Studying abroad. Episode 1
Hi, my name is Anna and what follows is my account of events while being a student at Central European University in Budapest.
Episode 1
Studying abroad offers a whole myriad of impressions, opportunities and fun alongside with tough work, cultural shock and a bunch of strangers all around you.
AND we are back to school
The people:
Finally you are there. After all packing, unpacking, airports, train stations, suitcases, goodbyes and farewells you get to the point of destination – the school.
What strikes immediately is the effort university makes to bring together students from different cultures and continents. Tolerance, intercultural communication, understanding and acceptance loom from every corner. There is a reason. I was convinced that “civilized world” is free from intolerances but I was wrong.

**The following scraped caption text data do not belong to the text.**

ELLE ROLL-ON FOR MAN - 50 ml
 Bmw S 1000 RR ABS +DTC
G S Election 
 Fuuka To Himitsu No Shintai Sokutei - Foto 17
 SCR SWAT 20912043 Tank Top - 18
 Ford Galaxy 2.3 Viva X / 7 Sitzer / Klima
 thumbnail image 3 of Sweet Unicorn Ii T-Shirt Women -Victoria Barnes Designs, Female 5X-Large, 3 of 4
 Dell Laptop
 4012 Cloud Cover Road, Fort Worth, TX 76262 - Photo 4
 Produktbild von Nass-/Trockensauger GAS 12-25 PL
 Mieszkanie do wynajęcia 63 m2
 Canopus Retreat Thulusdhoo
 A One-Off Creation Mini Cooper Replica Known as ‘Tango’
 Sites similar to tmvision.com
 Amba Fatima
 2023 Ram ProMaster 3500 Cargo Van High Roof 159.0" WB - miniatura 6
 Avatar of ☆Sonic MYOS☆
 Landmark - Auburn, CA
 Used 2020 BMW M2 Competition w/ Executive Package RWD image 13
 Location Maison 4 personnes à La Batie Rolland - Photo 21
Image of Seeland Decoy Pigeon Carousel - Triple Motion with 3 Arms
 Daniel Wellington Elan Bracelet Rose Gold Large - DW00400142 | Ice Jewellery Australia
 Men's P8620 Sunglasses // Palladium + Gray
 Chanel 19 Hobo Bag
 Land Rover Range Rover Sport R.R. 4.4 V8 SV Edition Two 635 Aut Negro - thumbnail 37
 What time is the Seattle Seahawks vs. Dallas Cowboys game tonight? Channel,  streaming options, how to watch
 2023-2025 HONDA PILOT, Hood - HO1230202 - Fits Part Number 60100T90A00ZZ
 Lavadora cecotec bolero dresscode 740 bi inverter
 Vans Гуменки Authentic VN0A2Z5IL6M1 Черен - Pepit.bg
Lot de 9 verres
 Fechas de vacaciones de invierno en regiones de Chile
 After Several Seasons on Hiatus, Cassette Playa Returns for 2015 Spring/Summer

European tolerance is pretty superficial though vigorously promoted. Views do change there but slower and less willingly that we are told in Ukraine. There is still some degree of dislike between the Slovaks and the Czechs, the Hungarians and Romanians, the Germans and the British. Students joke about these things but every joke is a joke only in part, the rest is the truth. Europeans live with it and learn to forgive rather then forget.
The life in school:
It was terribly painful to start studying after a long break. It was terribly difficult to get used to a different process. Within ten months we did 22 exams, wrote 60-page master paper, participated in international contest, traveled, partied, got completely exhausted. I missed only three classes in the whole academic year. It was unthinkable to miss two in a row. You would be half-dead and crawling but attend a class. It wasn't because you had to but mainly because you wanted to. I had desperate, scared red zombie eyes after first one and a half months in school, five exams and two sleepless weeks when one PhD student told me: It will not get better, you will just get used to it. So it was. We all did.
International schools encourage students and teachers to cooperate and communicate on equal terms, respect and promote cultural differences. They do not succeed to the fullest, but the fact that opinions as wide as the poles apart coexist beneath the same roof is rather impressive.